A record-breaking 46% of Americans have used the internet, email or cell phone text messaging to get news about the campaign, share their views and mobilize others. And Barack Obama's backers have an edge in the online political environment.
Furthermore, three online activities have become especially prominent as the presidential primary campaigns have progressed: First, 35% of Americans say they have watched online political videos--a figure that nearly triples the reading the Pew Internet Project got in the 2004 race.
Second, 10% say they have used social networking sites such as Facebook or MySpace to gather information or become involved. This is particularly popular with younger voters: Two-thirds of internet users under the age of 30 have a social networking profile, and half of these use social networking sites to get or share information about politics or the campaigns.
Third, 6% of Americans have made political contributions online, compared with 2% who did that during the entire 2004 campaign.
A significant number of voters are also using the internet to gain access to campaign events and primary documents. Some 39% of online Americans have used the internet to access "unfiltered" campaign materials, which includes video of candidate debates, speeches and announcements, as well as position papers and speech transcripts.
Online activism using social media has also grown substantially since the first time we probed this issue during the 2006 midterm elections.

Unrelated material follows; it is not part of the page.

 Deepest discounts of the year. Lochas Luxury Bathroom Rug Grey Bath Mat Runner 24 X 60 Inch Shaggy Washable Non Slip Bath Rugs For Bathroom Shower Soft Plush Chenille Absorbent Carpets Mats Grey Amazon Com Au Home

Yet despite the growth in the number of people who are politically engaged online, internet users express some ambivalence about the role of the internet in the campaign. On one hand, 28% of wired Americans say that the internet makes them feel more personally connected to the campaign, and 22% say that they would not be as involved in the campaign if not for the internet. At the same time, however, even larger numbers feel that the internet magnifies the most extreme viewpoints and is a source of misinformation for many voters.